Infer population size and selection coefficient from time-series allele-frequency data
- OCaml langugage compiler:
- GNU Scientific Library (GSL):
- GSL Interface for OCaml language:
Untar the archive into the desired directory::
tar -zxf tsinfer.tar.gz
Compile required modules and the executable:
make all
Execution syntax is simple
./tsinfer infile [OPTIONS]
infile -- file containing the time series data. The file should contain three lines, each tab separated, with equal number of entries. The first line contains sample times, the second line contains the number of samples of the focal allele (must be integers) and the third line containes total number of samples at each time point (must be integers). For example
0 10 20
2000 4000 6000
10000 10000 10000
-f -- treat sampled frequencies as actual frequencies
-func_eval:XX -- number of function evalutations in the Monte Carlo integration (posiitve integer). Default : 3e+04
-h -- help
-maxiter:XX -- maximum number of iterations (positive integer). Default : 200
-maxterms:XX -- maximum number of terms in the series (positive integer). Default 2000
-neut -- evaluate only the likelihood of the data under neutrality
-prec:XX -- precision (for the size of the simples). Default : 1.0e-06
-start:s,alpha -- starting guess for s (float) and alpha (positive float). Default : (0, 1.000e+03)
-stds:XX -- number of standard deviations around the mean of the beta distribution for the approximation of the intergral (positive integer). Default : 3.0
-step:s,alpha -- step size for s, and alpha (all positive floats). Default : (0.005, 5.000e+01)

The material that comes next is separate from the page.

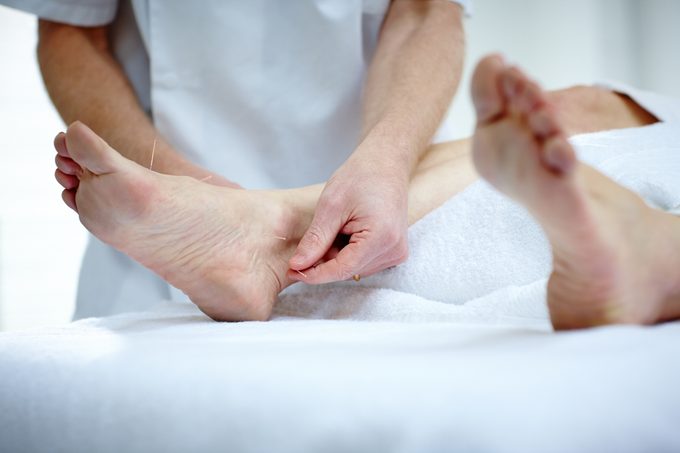 Woman's feet receiving acupuncture treatment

-plot:filename -- instead of finding the maximum likelihood value, plot the likelihood function profile at points
specified in the file 'filename'. Each line of the file must consist of 2 tab-separated numbers corresponding to the coordinates (s, alpha). See examples. The 'start', and 'step' options are ignored.
-v -- verbose mode
The output of the execution is a list of 10 values, e.g.,
MLS = 0.08927
MLALPHA = 1.635e+04
MNLOGL = 20.21
AIC2 = 44.419
S0ALPHA = 7.999e+01
S0NLOGL = 24.837
AIC1 = 51.675
LLR = 9.2554
CHI2P = 2.4e-03
STATUS indicates whether the program successfully found the ML values of selection coefficient s and the population size alpha. If procedure is not successful the failure mode is indicated
MLS is the ML value of the selection coefficient s in the two-parameter model
MLALPHA is the ML value of the population size alpha in the two-parameter model
MNLOGL is the obtained minimum value of the negative log-likelihood in the two-parameter model
AIC2 is the value of the Akaike information criterion for the two-parameter model
S0ALPHA is the ML value of population size alpha in the one-parameter model (i.e., when s = 0)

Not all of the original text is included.